Con audacia y coraje, en lugar de recursos suficientes o especulaciones tácticas, se lanzaron a combatir una tríada que, por desgracia, hasta hoy crece como la mala yerba en distintas regiones del continente: una satrapía sentada sobre bayonetas ensangrentadas, mafias de la mala vida y geopolítica imperial, combinadas en un régimen único. Sin menudear en detalles de la gesta, tantas veces contadas con precisión y belleza, basta recordar que la quimera se hizo realidad en la tierra insular de aquel largo lagarto verde, como describió al perfil de Cuba su poeta nacional, en las propias barbas de la mayor potencia de Occidente. Desde el día de la victoria, nada volvió a ser igual en la región y en el mundo. Tampoco Ernesto Guevara volvió a ser el mismo: en supremo homenaje, el pueblo cubano lo asumió como propio y, al mismo tiempo, rindió honor a su identidad original rebautizándolo “Che”, un código del lenguaje coloquial argentino.

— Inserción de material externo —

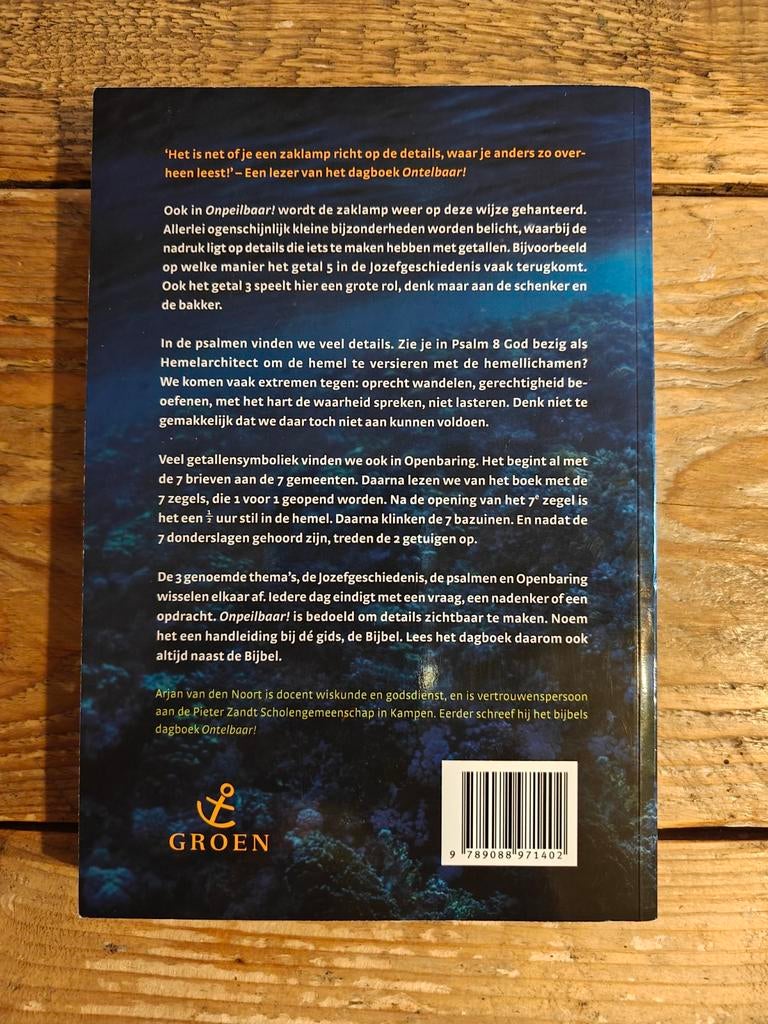 Onpeilbaar. Bijbels dagboek voor jongeren., Boeken, Godsdienst en Theologie, Ophalen of Verzenden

A principios del siglo XIX, América latina se desprendió del yugo colonial por obra, entre otros, de generales de ejércitos populares que rechazaban cargos y honores a cambio de la victoria y seguían su camino en busca de nuevas metas. Es un precedente adecuado para entender la actitud del Che que, más que “hacer” la revolución, buscaba sobre todo luchar por ella. De modo que, apenas pudo, volvió al camino con la mochila al hombro. Con el corazón al sur, fue a dar a Bolivia para iniciar otra epopeya que, con seguridad, esperaba proyectar hacia Argentina, de donde partirían a su encuentro tres columnas de combatientes, según se deduce de los anotaciones en su diario de campaña. Una mezcla de información mal procesada, promesas incumplidas y percepciones distorsionadas por sus propias deficiencias, echaron a volar a los pájaros de mal agüero.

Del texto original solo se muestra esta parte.